Черная магия с полным ее разоблачением
Шрифт:
Было стыдно. Очень. Измена, такой позор. Чужие, жесткие взгляды больно царапали тело, неприлично оголившееся без автомобильного панциря. А ведь если Иван уйдет… Мысль в ужасе обрывалась. Между тем, кругом сидел люд,вовремя обросший хитином, чуял мое страдание, усмехался: то-то. Так, во всяком случае, мне казалось и хотелось кричать всем в лицо: что вы понимаете?! У меня верный муж! Благополучная семья! Дом-крепость! Вместо этого я молча вжималась в скамью: вдруг они все-таки не догадаются, что моя империя рухнула,
В калитку я вошла улыбаясь. Родственники поспешили навстречу — только чуть быстрее обычного, почти ничем не выдавая беспомощной растерянности. Я сразу почувствовала себя больной птичкой, которую кладут в коробочку с ваткой и выпаивают из пипетки.

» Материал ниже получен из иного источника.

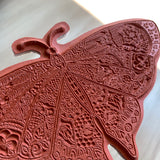 Butterfly Rubber Stamp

Отлежавшись, я встала и пошла к кухне, отдельному домику. Окна были открыты, изнутри доносились голоса.
— Ваня ей даже не позвонил, — возмущалась мама.
До сих пор я не плакала, но сейчас, еле сдерживаясь, крепко зажмурилась и замотала головой. По моим представлениям, Иван должен был ждать меня на даче или, в самом худшем случае, обрывать телефон.
— И нам, — отозвался папа. — Хоть бы поинтересовался, как она.
— Ванечке сейчас очень стыдно, — нежно проговорил свекор, — а вы же его знаете. Не выносит неловких ситуаций, в детстве даже из кино убегал.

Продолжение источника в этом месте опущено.